Getting the value out of SUDS

A conference on stormwater management gave industry experts the chance to share their experiences of managing water in the urban environment. Kevin Stanley reports


In his opening address to the Stormwater Management Conference held in Solihull in May by British Water and Hydro International, chairman Professor Richard Ashley of Sheffield University asked the key question of the event: “What about quality?”, he queried. “SUDS are the answer to stop flooding, but we must also look to add value by improving water quality and storage.”

The speaker panel was made up of industry experts from Defra, the Environment Agency and the Construction Industry Research & Information Association (CIRIA), as well as leading academics and consultants. In his keynote address, Professor Tony Wong from the Centre for Water Sensitive Cities in Melbourne, Australia, delivered a presentation explaining what could be achieved by the implementation of blue and green corridors in urban areas.

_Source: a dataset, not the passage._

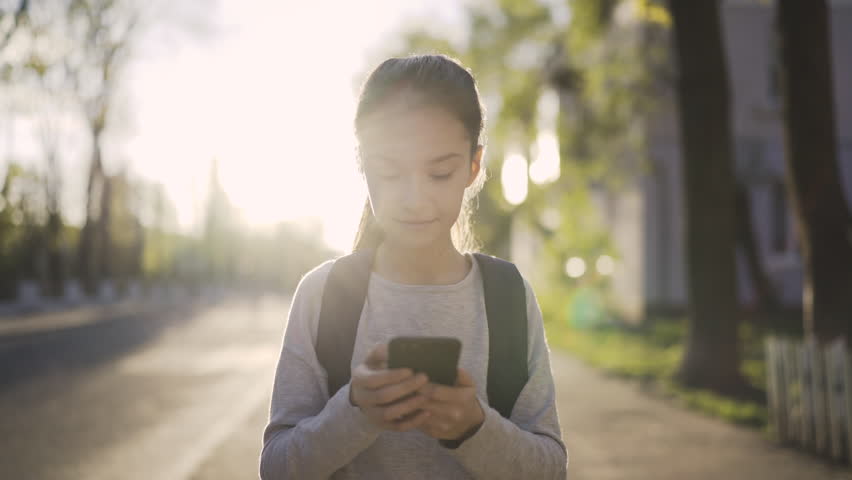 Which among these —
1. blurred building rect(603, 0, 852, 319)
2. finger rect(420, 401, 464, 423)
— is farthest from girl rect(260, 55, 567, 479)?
blurred building rect(603, 0, 852, 319)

“By bringing nature back into the city through a network of green and blue systems we have a much more natural way of managing floods and a more natural way of managing the relationship between the human habitat and the natural environment and ultimately the ecosystems services that those natural environments in fact provide us,” he said.

The difficulty of retrofitting SUDS into existing urban environments was investigated in depth. Speakers said that it was crucial to secure early and effective engagement between the stakeholder organisations and disciplines in order to unlock potential opportunities.

“Retrofitting requires the involvement of numerous disciplines to ensure that the chosen approach improves surface water management, fits in with the existing urban design context and is accepted by the community,” says Paul Shaffer, associate, of CIRIA. “These disciplines would need to work together to innovate and may typically include drainage and highway engineers, urban designers, landscape architects as well as social scientists or communication experts.”

Bob Crabtree, business development manager – environment management, of WRC said: “Retrofitting SUDS is difficult in the middle of a city that’s been around for a few hundred years, but it’s not impossible. Quite often people focus on SUDS in terms of new developments but existing urban areas are just as important.”

He added: “We need to do something different. It’s important to join up the resources of drainage and urban planning. They’ve not been going in the same direction.”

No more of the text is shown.